Iemand schrijft: “Het volgen van Christus is altijd een afzien van jzelf. De gezindheid van Christus betekent altijd, dat je de ander belangrijker vindt dan jezelf. Of minstens even belangrijk. Dat wil ik iedereen vertellen”. En vooral ook: iedereen dat laten zien.
Maar dat begint natuurlijk in mijn eigen hart, mijn eigen leven, en in de gemeente.
Vanuit dat centrale, niet als een gereformeerde eigenaardigheid maar als een christelijke, een Bijbelse kernwaarde: dat alles genade is, en dat we alleen door
het geloof ons wat God ons wil geven eigen kunnen maken – geloof dat – staat ook in Ef. 2 – ook weer niet mijn inbreng of prestatie is maar een cadeau van Gods Geest.
Steeds weer die bescheidenheid waartoe de apostel ons oproept en wat de Heer
zelf ons voordeed: “door zijn genade bent u gered, dankzij uw geloof, maar (ook) dat (geloof) dankt u niet aan uzelf, het is een geschenk van God”. God alleen de eer!
dia 5
Diezelfde bescheidenheid past christenen met een niet-Joodse afkomst zeker ook ten opzicht van Gods oude bondsvolk, het Joodse volk – zoals Paulus in de brief aan de Romeinen waarschuwt dat zij als takken die later op de bestaande olijfboom Israël zijn ingeënt zich niet moeten verheffen boven de takken die er al zijn: bedenk dat
niet u de wortel draagt, maar de wortel u – en die wortel is Israël, door God geplant.
Daarom staat in die kernpunten ook iets over blijvende verbondenheid met Israël.
Paulus schrijft in dit hoofdstuk duidelijk dat bekeerde heidenen mogen gaan delen
in de burgerrechten van Israël, om de God van Abraham, Isaak en Jakob te dienen.
Dan past geen trots maar vooral heel veel dank: wij worden ook thuis gebracht!

Kijk, en van daaruit hamert Paulus zoals vaak in zijn brieven op het aambeeld van
de verbondenheid met elkaar in Christus en de eenheid die daaruit voortvloeit en
die tegelijk ook een opdracht is voor wie samen Gods gezin zijn. broers en zussen.
Een opdracht want Paulus wist en de ervaring leert dat het niet vanzelf gaat, lees
ook Ef. 4 maar waar de apostel er uitvoerig en in indringend op ingaat en concreet maakt hoe je die eenheid vorm kan geven: “Span u in om door de samenbindende kracht van de vrede de eenheid te bewaren die de Geest u geeft: één lichaam en
één geest, zoals u één hoop hebt op grond van uw roeping, één Heer, één geloof,
één doop, één God en Vader van allen, die boven allen, door allen en in alles is”.

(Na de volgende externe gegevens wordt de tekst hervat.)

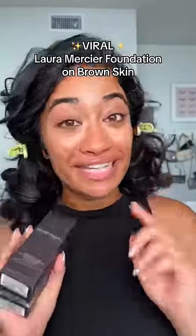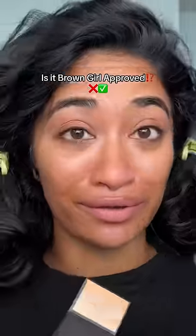I love this new foundation, oh my god. I really run to buy foundations, but did you see the freaking coverage on that? It's the Laura Mercier Real Flawless Perfecting Foundation. Let's see if this is brown girl approved.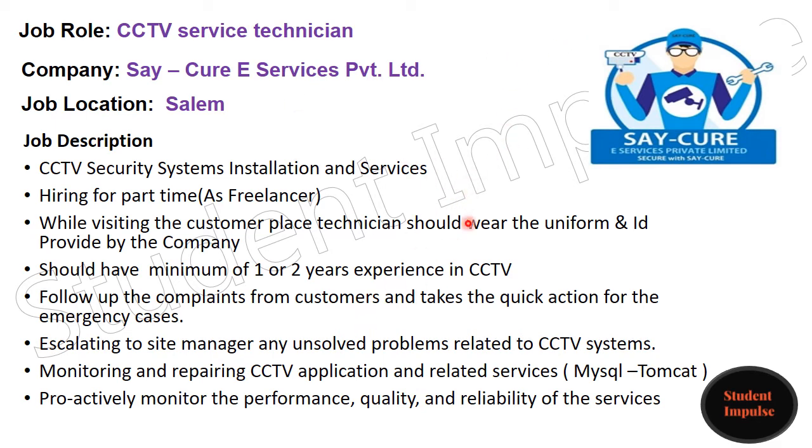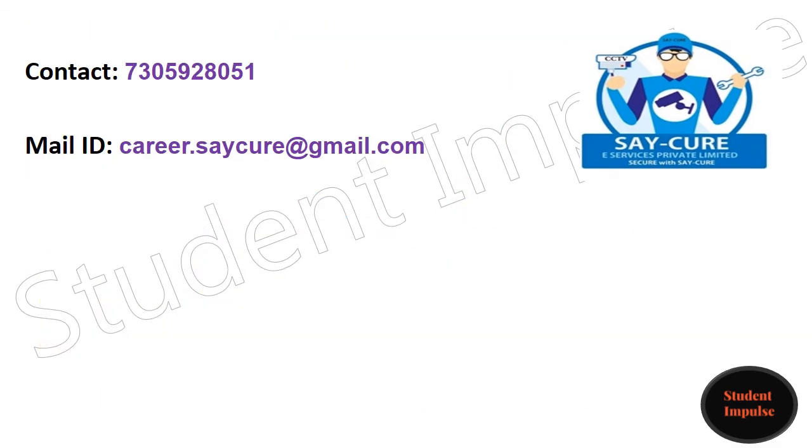You can go through the job description once. Interested candidates can approach them with the given contact number or email ID. The contact number is 730-59-28051 and the email ID is career.secure@gmail.com.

Ik weet niet hoe het u vergaat, maar toen ik dat weer las en opschreef, dacht ik:
wat zouden we nog kunnen noemen wat als die eenheid ons verbindt, toch nog
verdere eenwording in de weg zou staan – of ervaren we die eenheid toch niet zo?
Misschien goed om het daarover straks te hebben met elkaar, bij het nagesprek?
En zeker belangrijk om ervoor te bidden dat die eenheid ons drijft, naar elkaar toe.
En weer: die eenheid is er dankzij onze Heer Jezus Christus, over wie Paulus hier zegt dat Hij in zijn eigen persoon onze vrede is, en vrede is heelheid, verzoening van wie elkaars tegenpolen, zelfs elkaars vijanden waren, eerst God en mensen en dan ook mensen onder elkaar, zoals Gods volk en de andere volken, joden en heidenen,
maar ook mensen die door allerlei grenzen en muurtjes van elkaar gescheiden zijn.
Jezus is onze vrede, en Hij bewerkte door zijn offer aan het kruis vrede met God en vrede op aarde, en die vrede mogen wij inhoud geven, samen delen en ook uitdelen.
dia 6
Paulus gebruikt voor hoe God door zijn Geest daaraan werkt, en ons daarbij ieder op eigen plek inschakelt, zoals vaker het beeld van de bouw: kerkbouw, tempelbouw.
En dan gaat het natuurlijk niet om stenen maar om levende stenen: mensen, u en ik.
We kennen datzelfde beeld uit de brieven van Petrus: “laat u als levende stenen gebruiken voor de bouw van een geestelijke tempel”, en dat op die eens voor altijd gelegde fundering van het evangelie zoals door profeten en apostelen verkondigd en later in de Bijbelse geschriften vastgelegd – echt reformatorisch: sola Scriptura – niet bedoeld als letterknechterij of als een laatste woord over de uitleg van de Bijbel, maar met de strekking dat de kerk maar niet een club of een vereniging is waarin idealen of ideeën van bepaalde mensen bepalend zijn maar God het eerste en het laatste woord heeft – vergeet ook niet dat erbij staat “met Christus Jezus zelf als hoeksteen” – de eerste steen die is gelegd en die bepalend is voor de verdere bouw.
dia 7
Vanuit de vrede die Christus is en mogelijk maakt, tussen mensen die zo verschillend zijn en als het aan henzelf ligt ook vaak hoekig en weerbarstig, kan er toch iets moois groeien, steen voor steen, zelfs: een plaats waar God woont door zijn Geest – wat tegelijk het geheim is achter het bestaan en voortbestaan van de christelijke kerk – en voorwaarde voor echte vrede: dat God er door zijn Geest woont en dat ieder die er zijn plekje heeft van die Geest vol is en zich door die Geest ook laat leiden – dan komt er groei, in geloof en hoop, en liefde – groei naar God toe en naar elkaar toe.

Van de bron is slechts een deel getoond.